The River Cats Are on a Tear: The bright spot in the A’s orgaization is their Triple-A team, the Sacramento River Cats, who have won 9 out of their last 10 games. In about 90 minutes, I am headed up to Sacramento for their 1:05 start today against the Las Vegas 51’s, who are currently in last place in the PCL Southern Division. Hopefully, I can witness some good baseball and another River Cats win. They now lead their division with a 31-18 record. Not too shabby! I’ll keep you posted. Go Cats! And Go A’s!

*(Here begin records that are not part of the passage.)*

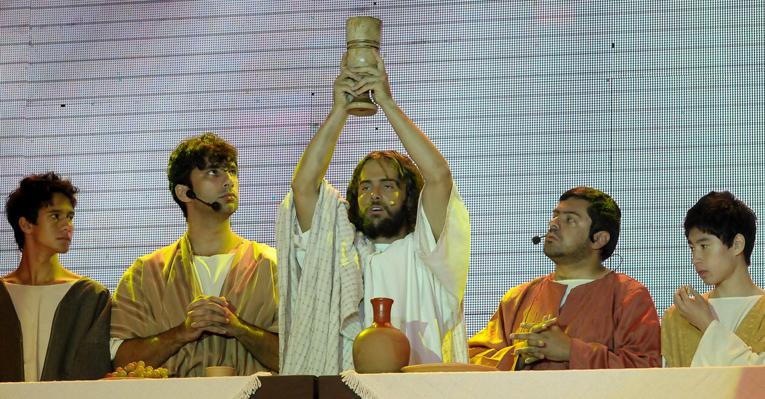 Kayky Brito e Carol Nakamura encenam ‘A Paixão de Cristo’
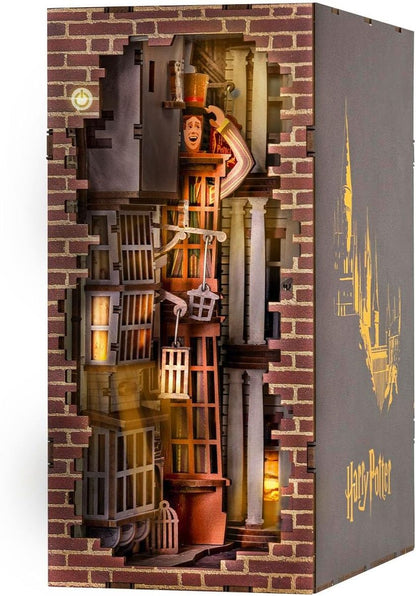 Harry Potter - Diagon Alley - Tiny Adventures Book Nook mini diorama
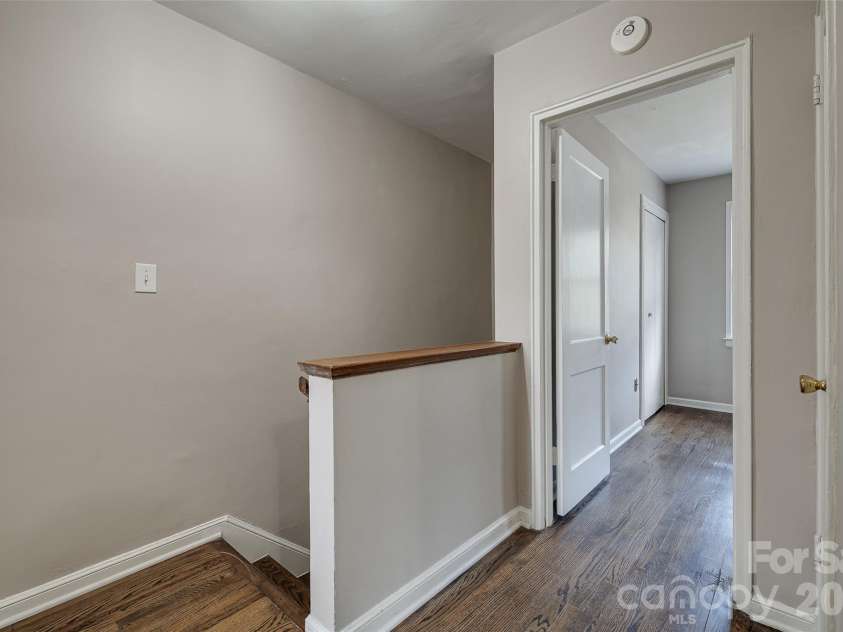 311 Wakefield Road, Charlotte, NC 28209.  MLS# CAR4432592, YatesRealty ID 55331. 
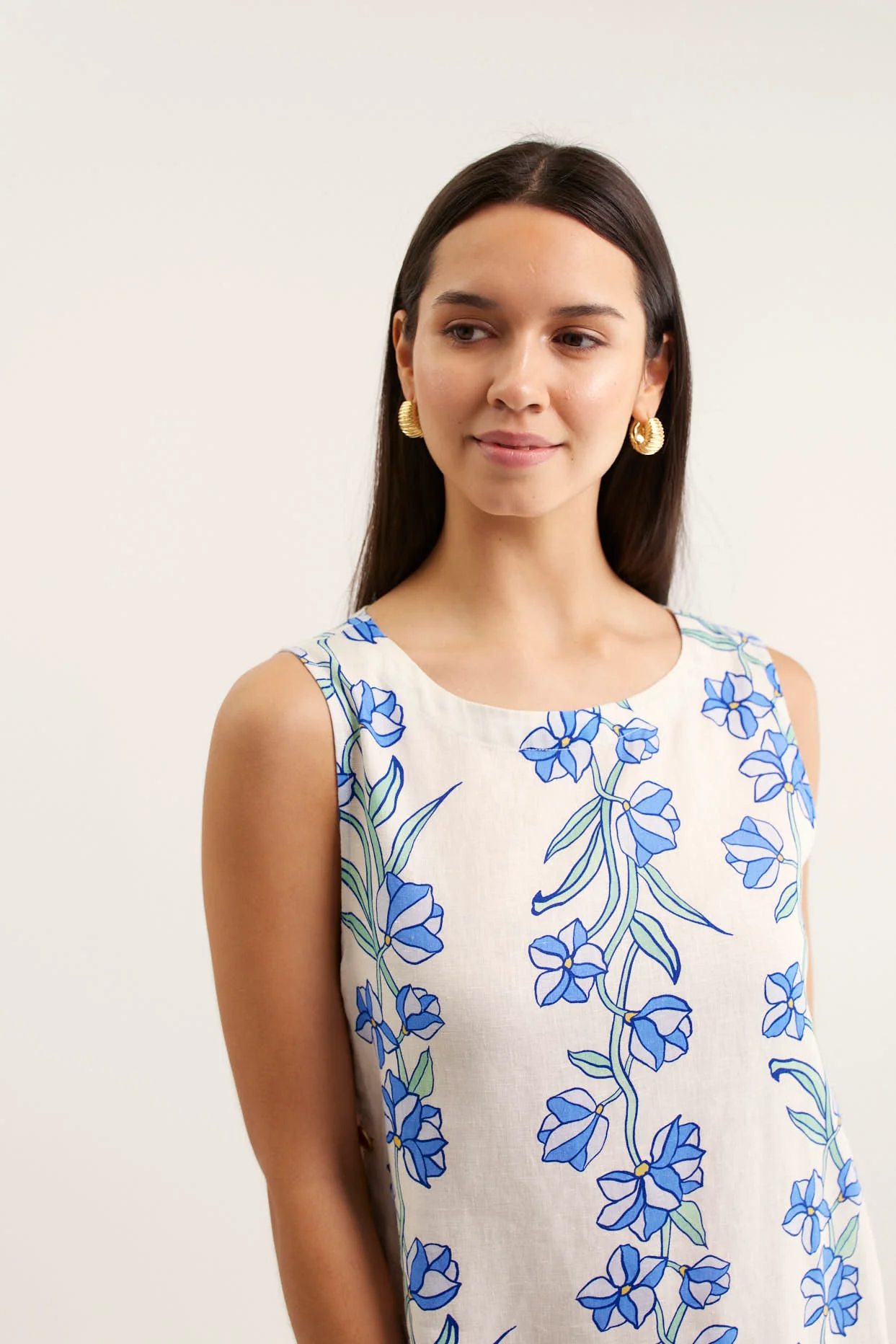 Lola Linen Dress In Blue Vine Print - Image 4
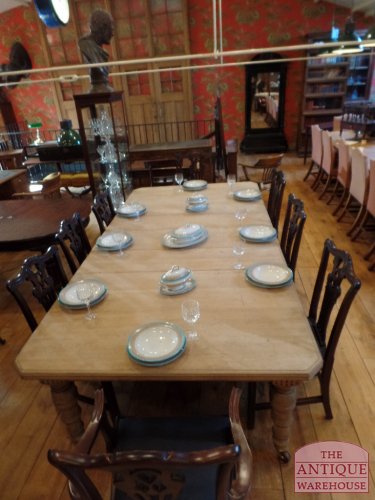 Antieke eiken coulissen tafel in lichte kleur, max 14 personen 3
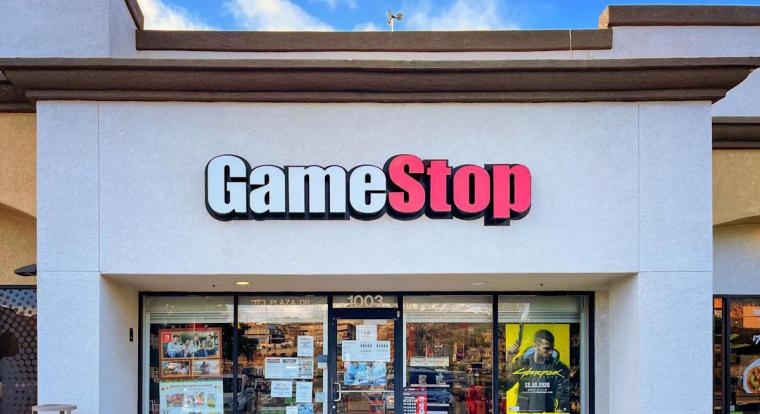 A GameStop nem kevés üzlet bezárását tervezi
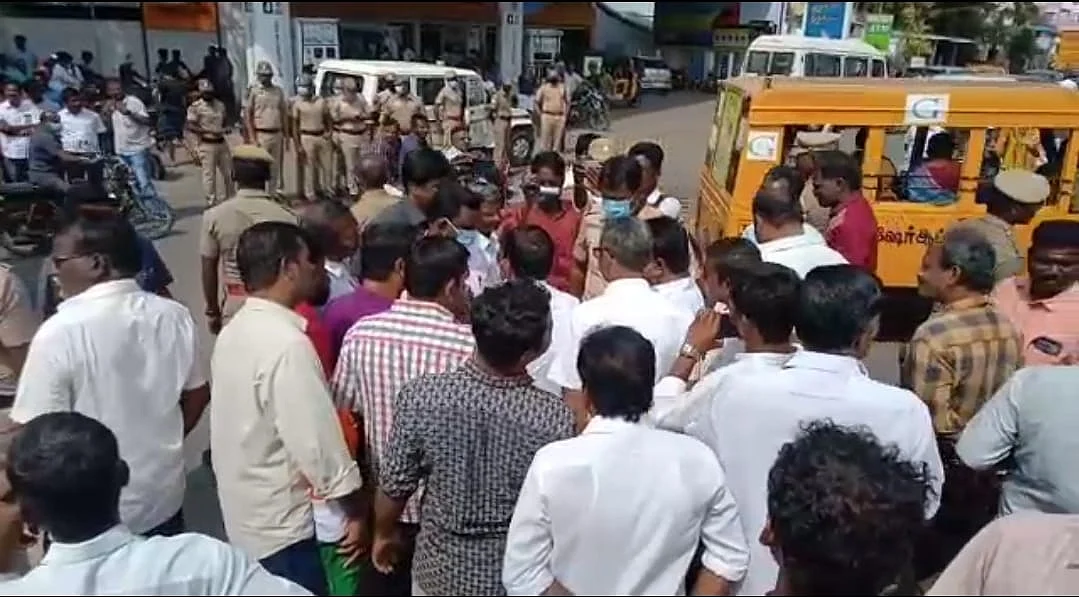 போராட்டத்தில் குதித்த காங்கிரஸார்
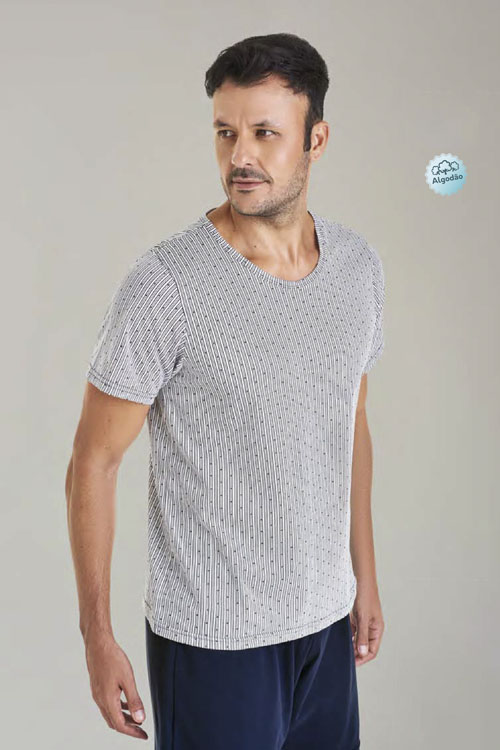 Pijama decote redondo e bermuda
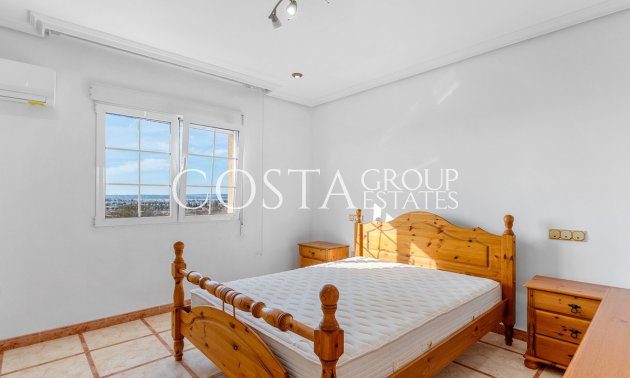 Resale - House -
Torrevieja - Torrevieja Centro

A’s Hope Opener: Well, last night was certainly a disappointment (the A’s lost 5-4) but the game was overshadowed by the pregame ceremonies memorializing the four slain Oakland police officers gunned down a couple of weeks ago. I had a tear in my eye as four OPD officers, each representing one of the families of the slain cops, placed police caps and baseballs on the pitcher’s mound to stand sentinel as the audience lowered their heads for a moment of silence. Nick Adenhart was also honored–a mention that was appropriately brief so as not to detract from the local tribute. The jet fighters’ fly-over and fireworks, the latter choreographed with the rockets red glare and the bombs bursting in air, capped off the moving tribute.
Chavy’s Back: It is great to see Eric Chavez making gold glove plays at third base like the Chavy of old and to have his bat back in the lineup. He’s such a classy guy and had every right to complain during the two plus years he was playing hurt or sidelined, but he never joined the pity party. Hat’s off to you, Eric.
Bobby Bobbles: Crosby just booted a routine play at third base (Chavez is getting the day off, and there’s no TV so I am listening on the radio). I want Jack Hannahan back, lousy bat and all. He is a proven utility infielder. Bobby is anything but, and keeps demonstrating it on the field. It’s his $5+ million salary that’s keeping him in the majors, not his bat, and certainly not his fielding at any position other than shortstop. Please, can I have Jack back, Billy?
A’s Lose Again to the Mariners: The game’s now over. Let’s hope that the A’s can salvage a win tomorrow after blowing another one. The A’s had the lead or were tied for most of the game. Jack Cust’s homer in the fifth was a bright spot–the A’s first homer of the season–making it 5-3, A’s. But the M’s went ahead for good in a disastrous eighth inning off Santiago Casilla and Brad Ziegler, giving Casilla the loss.
Maybe the collective thinking about where the Mariners will wind up at the end of the season could be wrong–last place in the AL West, according to Baseball America and others. The M’s can flat out hit. However, the A’s young pitching staff is showing rookie nerves, which will disappear in the coming weeks, so I guess we can’t be too concerned yet. An A’s win tomorrow would sure be good for the guys’ (and the fans’) morale.